Seine Kleidung hatte der 34-Jährige gut gewählt: Schwarzes Poloshirt, grau-schwarze Blousonjacke – ein feiner Kontrast zur silbern glänzenden Meisterschale. Doch am Ende seiner ersten von fünf unterschriebenen Spielzeiten ist nicht alles Silber, was glänzt – schon gar nicht golden. Wie beim Triple 2020 unter Hansi Flick oder 2013 unter Jupp Heynckes. Damals konnte es den Spielern gar nicht schnell genug gehen, ihrem Vorgesetzten die Trophäen zu überreichen, die Coaches wurden auf Händen getragen, in die Luft geschmissen. Bei Nagelsmann ist zu konstatieren: Was nicht ist, kann ja noch werden. Aber wie? Und wann?
Die Schale sei „schwerer als erwartet“, gab Nagelsmann nach einem „nicht ganz so leichten Jahr“zu. Er habe „ein bisschen Muskelkater in der Brust“. Und Beklemmungen, gar Bauchweh mit Blick in die Zukunft? In der neuen Saison müssen Veränderungen her, nicht nur personeller Natur. „Natürlich haben wir noch ein paar Baustellen zu schließen im Kader“, sagte Nagelsmann mit schönem Gruß an Sportvorstand Hasan Salihamidzic und fügte hinzu: „Ich habe nichts dagegen, wenn wir ein, zwei Pressingmaschinen kaufen.“Konrad Laimer (24) von RB Leipzig soll der Wunschspieler des Trainers sein. Man kennt sich gut.

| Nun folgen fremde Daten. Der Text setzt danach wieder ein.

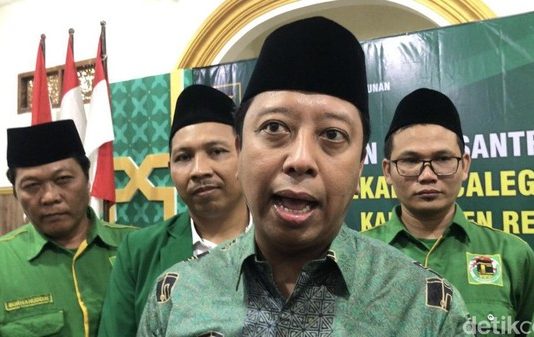Jokowi Tolak Pimpin PPP, Rommy Tegaskan Tidak Berminat Jadi Caketum
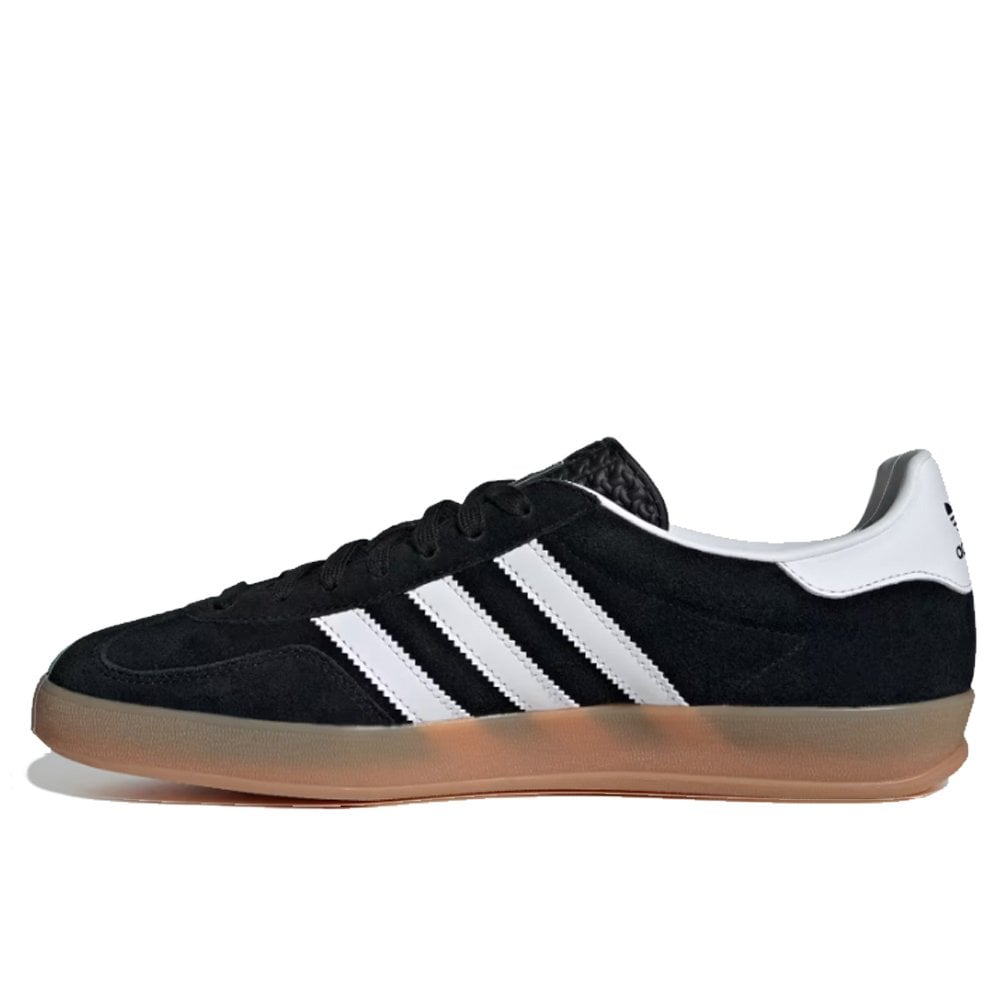 Gazelle Indoor - Blk/Wht/Gum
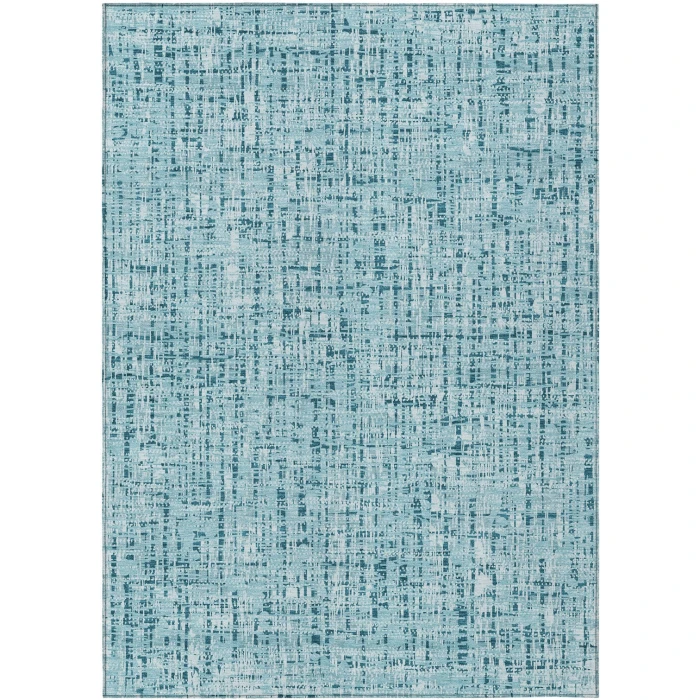 Addison Rugs Chantille Teal ACN2735 5ft. x 7ft.6in. Rect. Rug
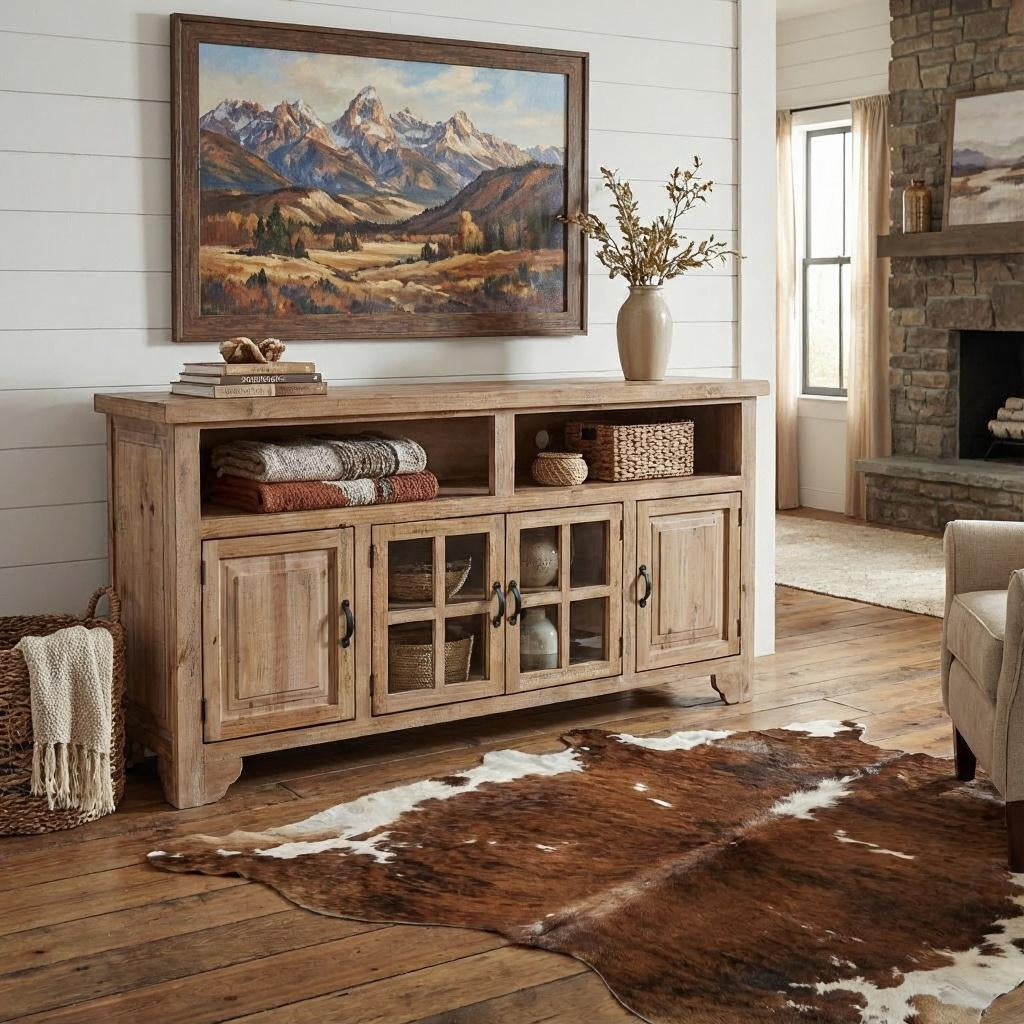 Pioneer 70" Tv Stand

Doch auch einige Punkte im System und der Spielausrichtung will und muss Nagelsmann korrigieren und verbessern. Wenn er auch in seinen ersten zehn Monaten an der Säbener Straße eingesehen hat, dass zu viel Tatendrang und Wunsch zur Veränderung (Dreier- statt Viererkette, Auflösung der Positionstreue) bei einer eingespielten Mannschaft abprallen kann. Doch das instabile, teils chaotische Abwehrverhalten bedarf einer Konsolidierung – und das ohne Niklas Süle, der bei Borussia Dortmund bessere Perspektiven sieht. Auch die Arbeit gegen den Ball bereite ihm „Sorgen, das müssen wir in den Griff kriegen“. Hier ist die Zentrale mit Joshua Kimmich, Leon Goretzka und Offensiv-Freigeist Thomas Müller ebenso gefragt wie die Außenstürmer.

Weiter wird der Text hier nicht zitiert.